As limitadas fronteiras geográficas portuguesas transformaram-se por completo quando a nação se tornou um navio e, com poucos homens e muito esforço, deixou-se em cada costa, em cada porto e em cada continente a língua, o Direito e a tradição lusitana. As Ordenações Reinóis serviram de lei para diferentes povos e em variegadas épocas. As instituições jurídicas portuguesas sobreviveram em muitas de suas ex-colônias, para além de sua própria vigência em seu país de origem. Em relação ao Brasil, Guilherme Braga da Cruz, o grande historiador do Direito em Portugal, afirmou que “Portugal e Brasil continuam a ser, no Direito como em tudo o mais, duas pátrias irmãs, que se orgulham da sua ascendência comum, e que o Brasil mais ainda que Portugal, soube manter-se sempre fiel à velha tradição jurídica lusitana, dignificando-a e rejuvenescendo-a, e dando, assim, u m admirável contributo para a sua perenidade no mundo”.[2]

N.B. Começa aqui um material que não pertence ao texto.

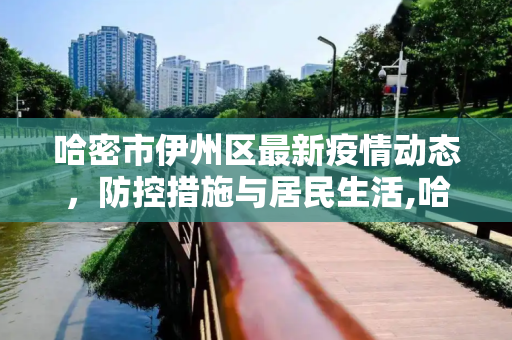 哈密市伊州区最新疫情动态，防控措施与居民生活,哈密市伊州区最新疫情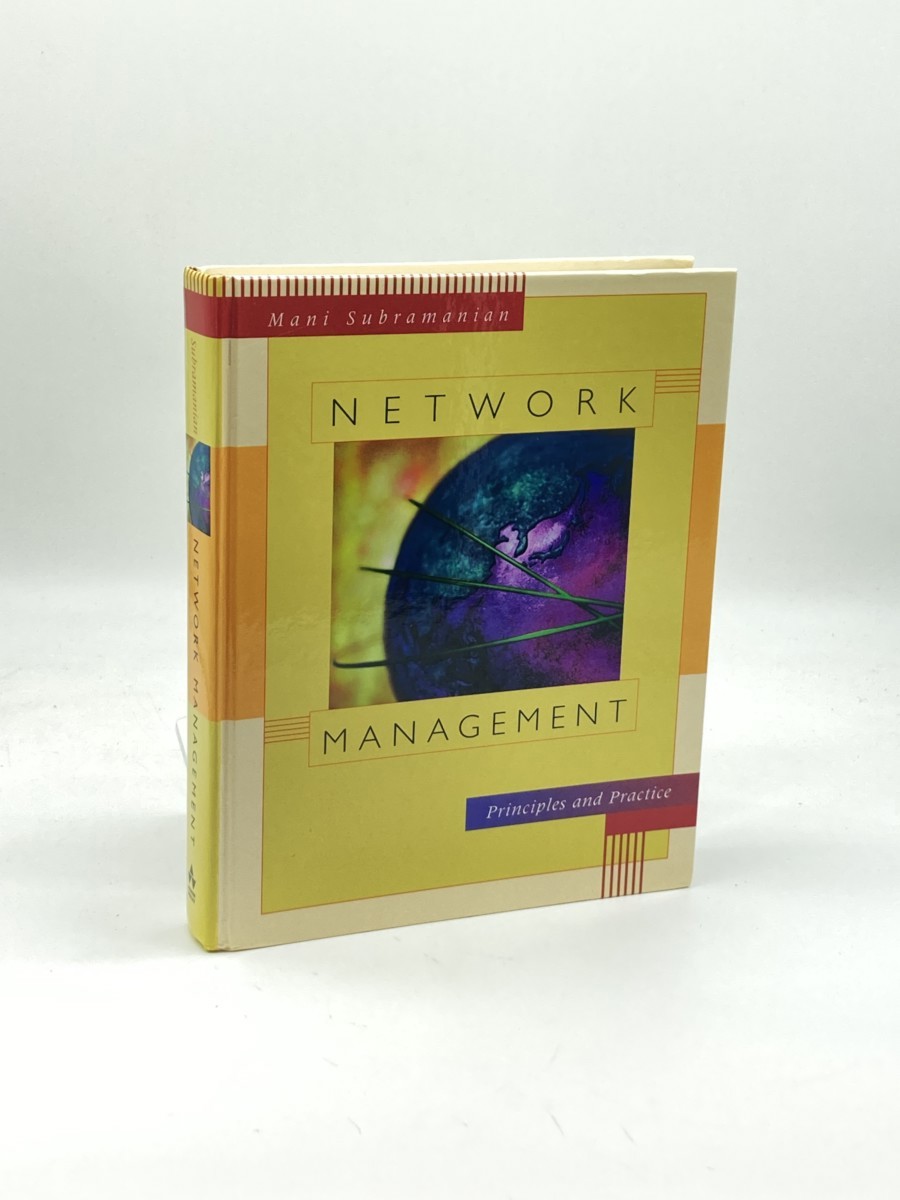 Image for Network Management; Principles and Practice Network Management; Principles and Practice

Essa contradição essencial de um país territorialmente pequeno e que conseguiu dilatar sua cultura por territórios imensos em três continentes fez com que Portugal tivesse, por necessidade ou por virtude, de se abrir para a experiência jurídica internacional, estrangeira e comparada, com o sentido peculiar que cada uma dessas palavras carrega. Não é sem razão que se pode considerar a cultura jurídica portuguesa a mais europeia de entre todas. E, por outro lado, mas por idêntico fundamento, o Direito português é também o mais receptivo a um tipo particular de comparatismo, que não hierarquiza as famílias jurídicas, muito menos coloca em posição de preeminência o Direito dos países europeus em detrimento de seus congêneres americanos, africanos e asiáticos. Pode-se questionar se essa última postura é resultado de uma interpretação estruturalista, que identifica no caráter português essa atitude mental em relação a tais Direitos, ou se é um sestro do colonizador que demorou muito a aceitar o fim da aventura colonial e que se considerava ainda um elemento de aglutinação jurídica de seus antigos territórios. Independentemente da causa, não se admite retirar do Direito português essa característica que tanto o engrandece.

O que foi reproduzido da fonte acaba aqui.